Methodical study on the estimation of strain in shearing and rotating structures using radio frequency ultrasound based on 1-D and 2-D strain estimation techniques.

Abstract

This simulation study is concerned with: 1) the feasibility of measuring rotation and 2) the assessment of the performance of strain estimation in shearing and rotating structures. The performance of 3 different radio frequency (RF) based methods is investigated. Linear array ultrasound data of a deforming block were simulated (axial shear strain = 2.0, 4.0, and 6.0%, vertical strain = 0.0, 1.0, and 2.0%). Furthermore, data of a rotating block were simulated over an angular range of 0.5 degrees to 10 degrees . Local displacements were estimated using a coarse-to-fine algorithm using 1-D and 2-D precompression kernels. A new estimation method was developed in which axial displacements were used to correct the search area for local axial motion. The study revealed that this so-called free-shape 2-D method outperformed the other 2 methods and produced more accurate displacement images.
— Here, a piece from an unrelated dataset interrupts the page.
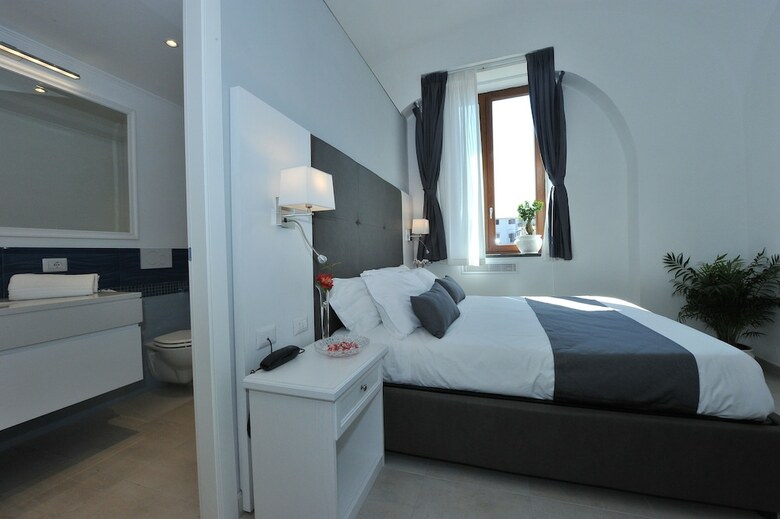 Hotel Sorrento Bay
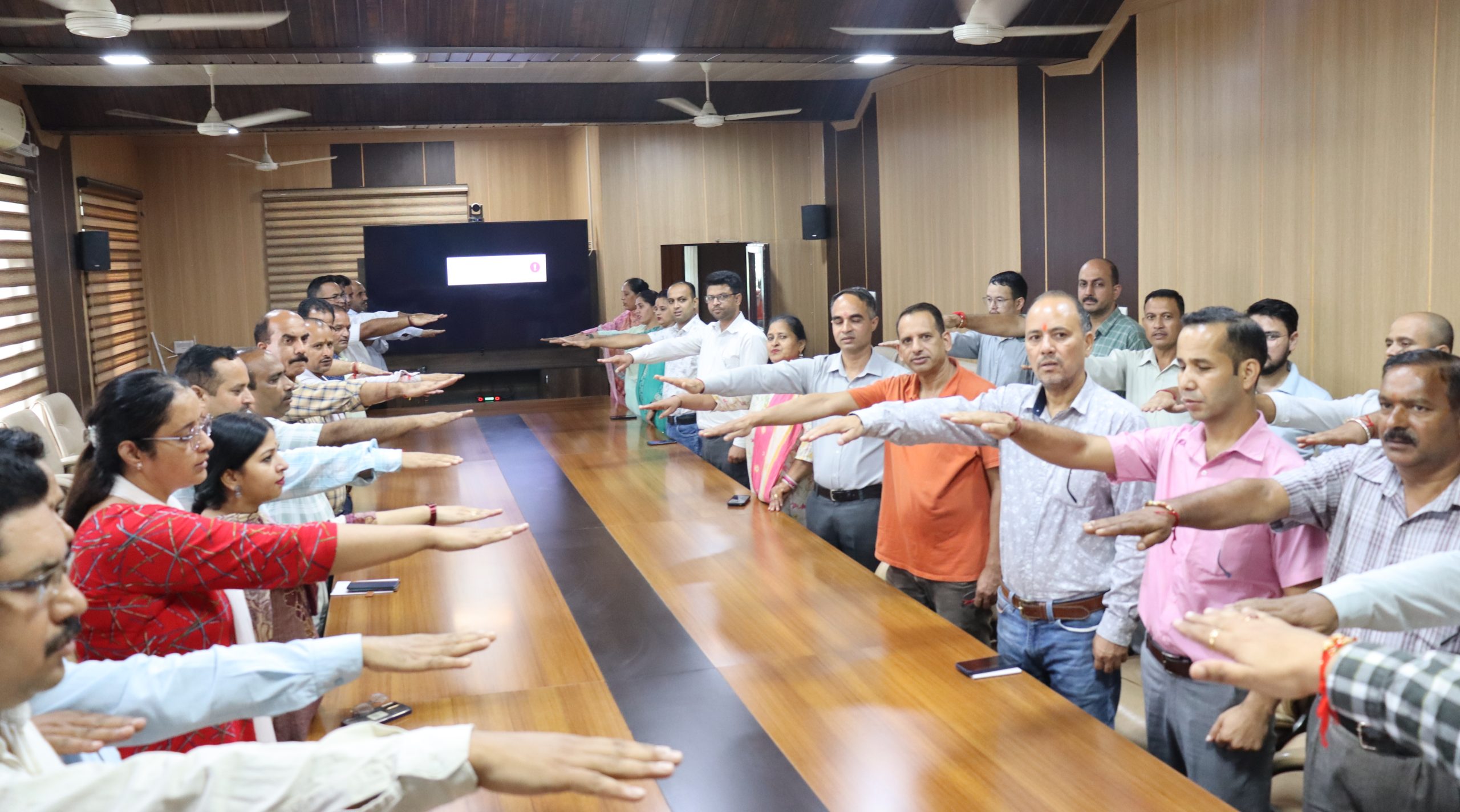 सहायक आयुक्त गौरव महाजन ने उपायुक्त कार्यालय के सभागार में अधिकारियों एवं कर्मचारियों को  सदभावना  शपथ दिलवाई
For higher axial shear strains, the variance of the axial strain and the axial shear strain reduced by a factor of 4 to 5. Rotations could be accurately measured up to 4.0 to 5.0 degrees . Again, the free-shape 2-D method yielded the most accurate results. After reconstruction of the rotation angle, the mean angles were slightly underestimated. The precision of the strain estimates decreased with increasing rotation angles. In conclusion, the proposed free-shape 2-D method enhances the measurement of (axial shear) strains and rotation. Experimental validation of the new method still has to be performed.